The film takes the form of dropping in and out on the various passengers and their conversations, and the timeline is fractured and jumbled up. All the typical passengers are there, from arguing couples, to singing drunks, to youths playing music through their mobile phones, to those who just want-to-get-home-with-the-minimum-of-fuss-thank-you-very-much. While occasionally clunky, the dialogue is structured well enough to give a solid sense of what’s going on in so many characters’ lives. Almost all of the performances are pitch perfect – realistic in both dialogue and tone. Unfortunately, as virtually everyone you’re forced to share a real night bus is very irritating, this means so is almost every character in Night Bus.
There is no plot to speak of, just prevailing themes, and after a while only seeing snippets of the lives of these (mostly unhappy) people feels a bit pointless and sad. There are funny moments, particularly the many ways people who don’t have the bus fare try to get a free ride, but my overriding emotion by the end was sympathy for the bus driver.
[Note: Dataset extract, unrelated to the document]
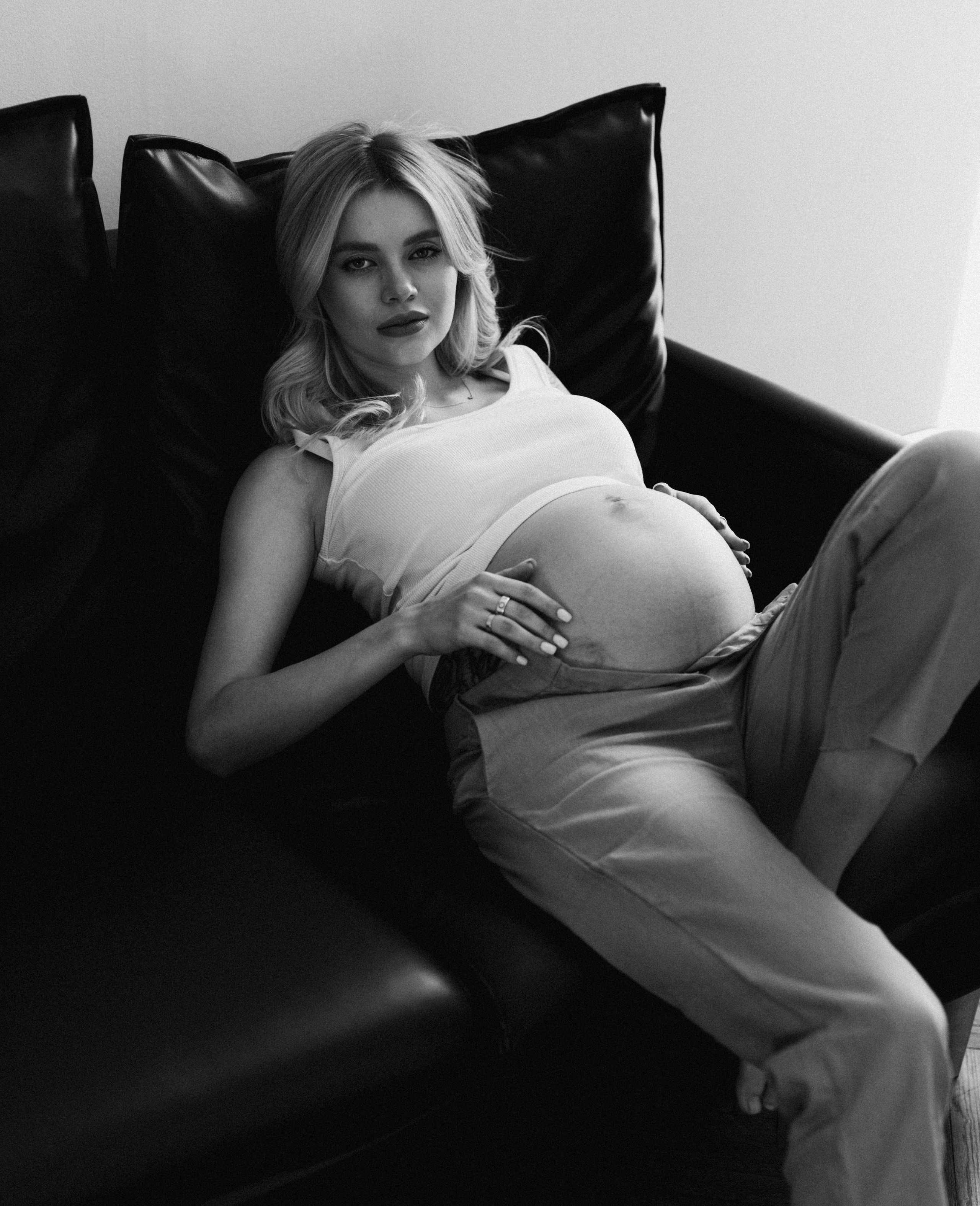 Lisa. Фотограф Москва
Night Bus is a very London-centric film and as such it’s hard to imagine anyone without the same experience having much patience with these characters. As a Londoner myself, it served mostly as a reminder of how good nights out can end in a dispiriting manner; while bad nights out are capped off with almost unbearable journeys. I admire how well the film has represented the reality but this is also its downfall – it’s hard to think of a reason why anyone would want to spend more time on the night bus than they have to.
*The 39 actually shuttles between Putney Bridge and Clapham Junction in the south west and it doesn’t operate a night route.
Night Bus has no UK release date yet.